◆ Goal of the exercise ◆
Two lines below mark the span: the one containing "Photosynthesis in Tamil" and the one containing "17:17 смотреть онлайн". Set down both, plus every line between, exactly as they stand, and nothing else.

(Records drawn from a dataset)
=====

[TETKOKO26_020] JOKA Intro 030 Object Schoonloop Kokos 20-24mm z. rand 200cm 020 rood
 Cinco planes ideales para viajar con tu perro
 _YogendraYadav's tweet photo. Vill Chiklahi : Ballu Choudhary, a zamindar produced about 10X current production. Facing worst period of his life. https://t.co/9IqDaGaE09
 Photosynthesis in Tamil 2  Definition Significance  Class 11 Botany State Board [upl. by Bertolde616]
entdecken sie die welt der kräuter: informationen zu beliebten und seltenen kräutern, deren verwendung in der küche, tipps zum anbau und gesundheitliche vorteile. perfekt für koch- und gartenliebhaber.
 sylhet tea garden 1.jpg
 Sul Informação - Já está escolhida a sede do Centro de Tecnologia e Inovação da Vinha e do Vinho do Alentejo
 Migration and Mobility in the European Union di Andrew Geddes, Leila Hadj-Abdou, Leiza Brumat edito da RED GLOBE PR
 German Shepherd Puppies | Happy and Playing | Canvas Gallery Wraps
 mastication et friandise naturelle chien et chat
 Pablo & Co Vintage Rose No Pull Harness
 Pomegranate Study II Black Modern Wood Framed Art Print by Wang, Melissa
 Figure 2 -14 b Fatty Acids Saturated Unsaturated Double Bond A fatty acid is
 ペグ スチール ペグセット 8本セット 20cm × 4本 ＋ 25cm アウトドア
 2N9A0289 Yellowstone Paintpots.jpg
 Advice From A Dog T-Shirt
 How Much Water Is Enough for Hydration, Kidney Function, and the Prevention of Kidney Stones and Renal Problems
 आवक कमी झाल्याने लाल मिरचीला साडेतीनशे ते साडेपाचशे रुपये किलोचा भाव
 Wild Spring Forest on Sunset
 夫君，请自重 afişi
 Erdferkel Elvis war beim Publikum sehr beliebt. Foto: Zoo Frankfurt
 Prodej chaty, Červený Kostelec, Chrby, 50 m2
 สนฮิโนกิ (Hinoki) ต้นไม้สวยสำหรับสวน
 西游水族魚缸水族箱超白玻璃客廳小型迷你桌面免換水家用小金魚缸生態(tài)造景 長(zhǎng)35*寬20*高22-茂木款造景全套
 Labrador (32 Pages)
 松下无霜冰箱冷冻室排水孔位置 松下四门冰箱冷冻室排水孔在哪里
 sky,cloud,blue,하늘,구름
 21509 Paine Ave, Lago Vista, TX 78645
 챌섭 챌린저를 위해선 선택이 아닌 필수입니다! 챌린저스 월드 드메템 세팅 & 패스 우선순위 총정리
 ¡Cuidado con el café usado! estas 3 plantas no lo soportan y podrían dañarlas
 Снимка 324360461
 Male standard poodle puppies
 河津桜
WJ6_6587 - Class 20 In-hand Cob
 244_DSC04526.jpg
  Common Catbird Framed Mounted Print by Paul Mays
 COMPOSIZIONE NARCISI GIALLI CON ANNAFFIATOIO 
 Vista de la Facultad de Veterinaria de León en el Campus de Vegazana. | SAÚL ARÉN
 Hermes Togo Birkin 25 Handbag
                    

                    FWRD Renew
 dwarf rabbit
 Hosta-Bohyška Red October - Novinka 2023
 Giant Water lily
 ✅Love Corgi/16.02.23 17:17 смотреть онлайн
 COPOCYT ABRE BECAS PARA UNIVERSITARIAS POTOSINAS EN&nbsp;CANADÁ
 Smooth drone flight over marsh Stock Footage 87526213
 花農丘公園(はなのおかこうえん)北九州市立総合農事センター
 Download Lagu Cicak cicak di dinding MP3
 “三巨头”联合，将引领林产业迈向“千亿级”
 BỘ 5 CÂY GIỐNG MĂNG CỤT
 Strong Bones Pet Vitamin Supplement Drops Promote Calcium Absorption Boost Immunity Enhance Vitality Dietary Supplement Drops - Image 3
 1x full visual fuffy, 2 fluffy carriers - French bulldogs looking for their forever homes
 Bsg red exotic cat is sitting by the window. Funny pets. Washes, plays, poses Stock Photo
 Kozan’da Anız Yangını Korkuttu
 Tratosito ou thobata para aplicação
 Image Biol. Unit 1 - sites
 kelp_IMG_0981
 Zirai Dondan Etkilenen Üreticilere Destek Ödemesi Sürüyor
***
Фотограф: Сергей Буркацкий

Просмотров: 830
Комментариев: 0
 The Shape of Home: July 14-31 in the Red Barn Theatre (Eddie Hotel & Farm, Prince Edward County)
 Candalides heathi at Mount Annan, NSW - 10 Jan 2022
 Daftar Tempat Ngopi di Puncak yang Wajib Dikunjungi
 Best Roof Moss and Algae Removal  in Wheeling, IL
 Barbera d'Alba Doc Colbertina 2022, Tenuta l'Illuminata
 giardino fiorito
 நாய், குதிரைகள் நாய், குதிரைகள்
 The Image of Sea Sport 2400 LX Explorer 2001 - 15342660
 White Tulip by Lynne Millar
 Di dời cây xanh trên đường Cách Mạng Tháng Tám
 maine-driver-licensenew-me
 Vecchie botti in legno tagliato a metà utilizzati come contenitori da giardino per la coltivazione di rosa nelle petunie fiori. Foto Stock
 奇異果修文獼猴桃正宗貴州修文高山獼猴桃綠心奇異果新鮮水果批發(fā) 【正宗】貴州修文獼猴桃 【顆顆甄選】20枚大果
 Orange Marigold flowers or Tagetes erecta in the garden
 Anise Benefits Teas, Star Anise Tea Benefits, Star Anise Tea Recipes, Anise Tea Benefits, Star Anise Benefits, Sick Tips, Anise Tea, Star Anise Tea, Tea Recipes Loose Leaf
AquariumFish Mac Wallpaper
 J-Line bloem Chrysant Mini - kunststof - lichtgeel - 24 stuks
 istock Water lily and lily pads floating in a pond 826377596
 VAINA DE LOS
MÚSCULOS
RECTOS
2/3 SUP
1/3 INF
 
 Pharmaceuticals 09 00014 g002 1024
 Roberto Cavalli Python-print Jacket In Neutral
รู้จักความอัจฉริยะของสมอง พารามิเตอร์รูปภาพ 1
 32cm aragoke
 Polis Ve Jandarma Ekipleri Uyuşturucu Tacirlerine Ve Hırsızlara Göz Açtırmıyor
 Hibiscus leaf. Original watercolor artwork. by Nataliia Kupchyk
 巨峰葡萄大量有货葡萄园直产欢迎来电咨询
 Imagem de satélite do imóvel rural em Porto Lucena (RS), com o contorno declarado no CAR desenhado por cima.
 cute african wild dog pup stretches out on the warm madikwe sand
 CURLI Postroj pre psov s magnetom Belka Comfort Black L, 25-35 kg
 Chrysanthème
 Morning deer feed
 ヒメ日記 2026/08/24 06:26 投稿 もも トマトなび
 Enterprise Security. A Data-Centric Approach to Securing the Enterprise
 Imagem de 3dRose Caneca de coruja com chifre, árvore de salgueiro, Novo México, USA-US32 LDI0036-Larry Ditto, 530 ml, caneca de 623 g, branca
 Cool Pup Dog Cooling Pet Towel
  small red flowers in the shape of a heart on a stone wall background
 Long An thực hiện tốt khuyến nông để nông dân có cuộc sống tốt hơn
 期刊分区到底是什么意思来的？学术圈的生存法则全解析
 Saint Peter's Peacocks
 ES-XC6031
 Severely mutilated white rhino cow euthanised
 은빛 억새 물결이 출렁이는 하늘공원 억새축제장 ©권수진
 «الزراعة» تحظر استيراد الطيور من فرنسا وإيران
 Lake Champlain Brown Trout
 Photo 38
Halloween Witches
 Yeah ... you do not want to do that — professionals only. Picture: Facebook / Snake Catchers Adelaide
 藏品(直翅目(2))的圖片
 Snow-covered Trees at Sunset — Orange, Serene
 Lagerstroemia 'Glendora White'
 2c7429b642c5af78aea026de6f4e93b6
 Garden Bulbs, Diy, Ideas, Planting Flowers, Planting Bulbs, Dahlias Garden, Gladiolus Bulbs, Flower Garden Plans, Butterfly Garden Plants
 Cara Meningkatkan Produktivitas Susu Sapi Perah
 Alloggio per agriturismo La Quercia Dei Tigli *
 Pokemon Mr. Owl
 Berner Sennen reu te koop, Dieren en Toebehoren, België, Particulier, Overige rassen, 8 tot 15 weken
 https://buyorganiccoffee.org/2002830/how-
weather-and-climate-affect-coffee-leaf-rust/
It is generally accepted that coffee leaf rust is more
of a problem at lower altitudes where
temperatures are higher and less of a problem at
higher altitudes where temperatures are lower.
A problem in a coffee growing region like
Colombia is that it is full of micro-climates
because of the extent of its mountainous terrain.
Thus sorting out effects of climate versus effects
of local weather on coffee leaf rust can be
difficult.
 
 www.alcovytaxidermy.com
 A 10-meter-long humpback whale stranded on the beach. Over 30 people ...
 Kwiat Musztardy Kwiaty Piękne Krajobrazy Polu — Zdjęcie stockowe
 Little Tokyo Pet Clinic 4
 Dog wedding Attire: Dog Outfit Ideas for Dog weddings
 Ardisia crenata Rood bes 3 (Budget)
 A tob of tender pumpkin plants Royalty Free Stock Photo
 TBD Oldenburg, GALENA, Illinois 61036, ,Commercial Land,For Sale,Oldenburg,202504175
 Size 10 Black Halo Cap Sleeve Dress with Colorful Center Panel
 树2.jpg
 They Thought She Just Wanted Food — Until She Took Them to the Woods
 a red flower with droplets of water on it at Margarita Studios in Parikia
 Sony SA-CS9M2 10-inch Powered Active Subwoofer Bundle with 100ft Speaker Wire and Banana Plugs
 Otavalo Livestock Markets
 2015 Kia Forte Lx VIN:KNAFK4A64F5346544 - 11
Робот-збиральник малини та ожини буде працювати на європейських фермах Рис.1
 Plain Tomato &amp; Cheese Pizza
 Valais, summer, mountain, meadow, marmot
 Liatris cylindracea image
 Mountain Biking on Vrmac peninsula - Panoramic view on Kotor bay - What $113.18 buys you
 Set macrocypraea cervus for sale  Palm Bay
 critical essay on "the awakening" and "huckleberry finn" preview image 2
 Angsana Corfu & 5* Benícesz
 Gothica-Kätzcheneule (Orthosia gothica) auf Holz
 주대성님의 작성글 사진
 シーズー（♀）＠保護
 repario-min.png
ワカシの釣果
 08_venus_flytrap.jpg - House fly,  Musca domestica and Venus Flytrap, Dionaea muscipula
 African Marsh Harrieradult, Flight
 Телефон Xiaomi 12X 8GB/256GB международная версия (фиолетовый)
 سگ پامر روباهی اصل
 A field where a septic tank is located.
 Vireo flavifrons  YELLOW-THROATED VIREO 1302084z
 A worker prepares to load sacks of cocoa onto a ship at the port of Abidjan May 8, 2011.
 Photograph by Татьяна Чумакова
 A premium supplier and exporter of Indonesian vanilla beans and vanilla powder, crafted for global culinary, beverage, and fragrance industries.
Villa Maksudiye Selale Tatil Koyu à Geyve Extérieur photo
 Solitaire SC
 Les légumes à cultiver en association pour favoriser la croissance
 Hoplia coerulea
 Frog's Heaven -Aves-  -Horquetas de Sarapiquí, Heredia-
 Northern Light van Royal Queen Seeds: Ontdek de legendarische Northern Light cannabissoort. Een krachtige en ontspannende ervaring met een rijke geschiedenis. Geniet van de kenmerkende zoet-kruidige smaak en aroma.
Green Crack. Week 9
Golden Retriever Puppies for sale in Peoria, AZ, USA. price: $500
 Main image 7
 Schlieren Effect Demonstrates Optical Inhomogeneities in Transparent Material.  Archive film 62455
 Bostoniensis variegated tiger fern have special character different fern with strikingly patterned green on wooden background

=====

◆ Written solution ◆
 Photosynthesis in Tamil 2  Definition Significance  Class 11 Botany State Board [upl. by Bertolde616]
entdecken sie die welt der kräuter: informationen zu beliebten und seltenen kräutern, deren verwendung in der küche, tipps zum anbau und gesundheitliche vorteile. perfekt für koch- und gartenliebhaber.
 sylhet tea garden 1.jpg
 Sul Informação - Já está escolhida a sede do Centro de Tecnologia e Inovação da Vinha e do Vinho do Alentejo
 Migration and Mobility in the European Union di Andrew Geddes, Leila Hadj-Abdou, Leiza Brumat edito da RED GLOBE PR
 German Shepherd Puppies | Happy and Playing | Canvas Gallery Wraps
 mastication et friandise naturelle chien et chat
 Pablo & Co Vintage Rose No Pull Harness
 Pomegranate Study II Black Modern Wood Framed Art Print by Wang, Melissa
 Figure 2 -14 b Fatty Acids Saturated Unsaturated Double Bond A fatty acid is
 ペグ スチール ペグセット 8本セット 20cm × 4本 ＋ 25cm アウトドア
 2N9A0289 Yellowstone Paintpots.jpg
 Advice From A Dog T-Shirt
 How Much Water Is Enough for Hydration, Kidney Function, and the Prevention of Kidney Stones and Renal Problems
 आवक कमी झाल्याने लाल मिरचीला साडेतीनशे ते साडेपाचशे रुपये किलोचा भाव
 Wild Spring Forest on Sunset
 夫君，请自重 afişi
 Erdferkel Elvis war beim Publikum sehr beliebt. Foto: Zoo Frankfurt
 Prodej chaty, Červený Kostelec, Chrby, 50 m2
 สนฮิโนกิ (Hinoki) ต้นไม้สวยสำหรับสวน
 西游水族魚缸水族箱超白玻璃客廳小型迷你桌面免換水家用小金魚缸生態(tài)造景 長(zhǎng)35*寬20*高22-茂木款造景全套
 Labrador (32 Pages)
 松下无霜冰箱冷冻室排水孔位置 松下四门冰箱冷冻室排水孔在哪里
 sky,cloud,blue,하늘,구름
 21509 Paine Ave, Lago Vista, TX 78645
 챌섭 챌린저를 위해선 선택이 아닌 필수입니다! 챌린저스 월드 드메템 세팅 & 패스 우선순위 총정리
 ¡Cuidado con el café usado! estas 3 plantas no lo soportan y podrían dañarlas
 Снимка 324360461
 Male standard poodle puppies
 河津桜
WJ6_6587 - Class 20 In-hand Cob
 244_DSC04526.jpg
  Common Catbird Framed Mounted Print by Paul Mays
 COMPOSIZIONE NARCISI GIALLI CON ANNAFFIATOIO 
 Vista de la Facultad de Veterinaria de León en el Campus de Vegazana. | SAÚL ARÉN
 Hermes Togo Birkin 25 Handbag
                    

                    FWRD Renew
 dwarf rabbit
 Hosta-Bohyška Red October - Novinka 2023
 Giant Water lily
 ✅Love Corgi/16.02.23 17:17 смотреть онлайн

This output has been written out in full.